The road to the sea looked clear on the map. One road about 6 miles long. We spent all day trying to find it and eventually went round in a large circle back to town with only a glimpse of sea. The main industry is sea salt and the whole outskirts are salt lagoons. One surprising find was that on about a quarter of all the electricity poles there were large Osprey nests complete with young Osprey. They were flying everywhere throughout the town. We later learned that this area of the Baja is the main breeding area for the American Osprey.

At the bank in town we met an American couple who had arrived by bus and were cycling down the Baja from here. They were Todd and Drennan.

Heading out of town in the morning late to avoid the mist we covered miles of more dead straight, flat, boring desert. At San Ignacio we came across an oasis. It was a fertile green valley where they grew dates. Our campsite for the night was among date palms by a spring fed lake.

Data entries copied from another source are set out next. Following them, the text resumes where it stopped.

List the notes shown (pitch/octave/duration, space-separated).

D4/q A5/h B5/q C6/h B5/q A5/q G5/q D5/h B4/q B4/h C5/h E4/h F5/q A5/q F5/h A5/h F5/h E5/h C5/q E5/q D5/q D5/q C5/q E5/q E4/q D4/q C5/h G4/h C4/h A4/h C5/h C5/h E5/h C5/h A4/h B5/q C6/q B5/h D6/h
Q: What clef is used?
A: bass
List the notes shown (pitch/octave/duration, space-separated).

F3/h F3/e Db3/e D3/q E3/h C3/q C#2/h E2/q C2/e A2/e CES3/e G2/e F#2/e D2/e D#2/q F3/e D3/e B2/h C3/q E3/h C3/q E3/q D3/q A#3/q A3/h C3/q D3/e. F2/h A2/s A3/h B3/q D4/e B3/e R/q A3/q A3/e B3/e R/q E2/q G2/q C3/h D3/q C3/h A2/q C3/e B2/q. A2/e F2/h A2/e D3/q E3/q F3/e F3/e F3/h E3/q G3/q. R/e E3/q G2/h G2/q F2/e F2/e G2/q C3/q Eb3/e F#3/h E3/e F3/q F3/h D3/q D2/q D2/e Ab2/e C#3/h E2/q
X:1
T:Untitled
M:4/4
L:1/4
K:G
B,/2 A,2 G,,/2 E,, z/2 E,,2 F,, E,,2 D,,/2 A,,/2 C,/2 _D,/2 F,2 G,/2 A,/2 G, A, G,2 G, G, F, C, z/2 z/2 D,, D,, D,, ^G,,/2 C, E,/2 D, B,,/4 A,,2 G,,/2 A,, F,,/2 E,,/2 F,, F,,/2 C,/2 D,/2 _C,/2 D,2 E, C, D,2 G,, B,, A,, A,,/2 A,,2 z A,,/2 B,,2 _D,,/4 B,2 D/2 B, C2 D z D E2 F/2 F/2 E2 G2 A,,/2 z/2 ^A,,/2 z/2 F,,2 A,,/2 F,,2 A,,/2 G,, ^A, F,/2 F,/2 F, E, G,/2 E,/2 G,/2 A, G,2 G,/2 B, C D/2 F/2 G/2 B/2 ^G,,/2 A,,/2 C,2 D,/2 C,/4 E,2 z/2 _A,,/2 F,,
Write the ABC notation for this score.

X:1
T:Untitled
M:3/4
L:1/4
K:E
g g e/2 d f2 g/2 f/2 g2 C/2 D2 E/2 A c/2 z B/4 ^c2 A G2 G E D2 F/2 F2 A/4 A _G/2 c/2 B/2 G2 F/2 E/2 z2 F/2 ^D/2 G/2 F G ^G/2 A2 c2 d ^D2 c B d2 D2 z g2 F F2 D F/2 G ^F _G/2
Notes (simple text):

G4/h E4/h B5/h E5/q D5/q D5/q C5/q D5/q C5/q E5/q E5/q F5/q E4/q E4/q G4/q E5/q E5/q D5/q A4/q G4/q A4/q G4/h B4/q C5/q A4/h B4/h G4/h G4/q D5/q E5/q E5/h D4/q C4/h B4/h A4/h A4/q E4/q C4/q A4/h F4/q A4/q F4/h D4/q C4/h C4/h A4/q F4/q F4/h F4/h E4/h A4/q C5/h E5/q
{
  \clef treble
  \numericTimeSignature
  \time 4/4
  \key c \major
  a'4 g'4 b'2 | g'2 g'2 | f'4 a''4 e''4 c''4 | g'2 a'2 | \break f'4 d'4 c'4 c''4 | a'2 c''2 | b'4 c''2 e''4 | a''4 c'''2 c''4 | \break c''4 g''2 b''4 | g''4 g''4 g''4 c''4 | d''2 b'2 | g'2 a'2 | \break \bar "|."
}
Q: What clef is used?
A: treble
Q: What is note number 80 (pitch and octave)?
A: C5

In the local bookshop in the Town Square, David bought a book on Mexican Birds. Our bikes were parked just outside. As we came out, David saw a young boy crouching by his bike. He quickly ran off chased by David who had realised that the boy had stolen something. The boy evaded him by dashing through some houses but David grabbed another youngster who was obviously with the group. It was the brother of the one that got away and he was so terrified by David's furious mood that he volunteered to get the stolen bits back. Joan confirmed that it was the pump and the cyclometer that were missing and David gave the boy an ultimatum "Bits back in 10 minutes or I call the police". This had several village children running around trying to find the culprits who had now hidden even from their friends. It worked; the cyclometer came back first, followed by the pump. Each had been stolen by a different boy.

What really upset us was that only an hour previously we had been talking to the same group of boys and showing them our bikes as they were keenly interested in what we were doing. However, the temptation to steal was too great for some of them. David did not call the police, but a local shopkeeper did. The culprits were identified and we were told that they and their fathers would have to attend the local police station for a stern lecture. We hope it works.

Heading on across more desert we stopped at a small roadside cafe and the women there was preparing cactus leaves to eat. She was taking out the spines and skinning the rest. It would be fried and the tender bits stripped from the fibre with the teeth.

At Santa Rosalia, a small ferry port, there were the remains of a huge copper processing plant, which used to process copper from ore mined from the deeply scarred landscape we had just ridden through.

A cheap hotel was chosen as there was nowhere to camp. As we strolled along the harbour wall, we met the American couple Todd and Drennan just arriving into town. An evening meal out was arranged to chat over our experiences. It must have been the most expensive restaurant in town as it cost more than the hotel.

Mulege (pronounced Moolahay) was the first real tourist town we encountered on the Baja. It was decided to move on to find a beach campsite a few miles out of town.

The camping prices on these beaches were expensive. The first one we came to said it was six dollars a night just for our tent and us. This turned out to be the going rate for this area and it was decided that we would stop at the next bay whatever the rate.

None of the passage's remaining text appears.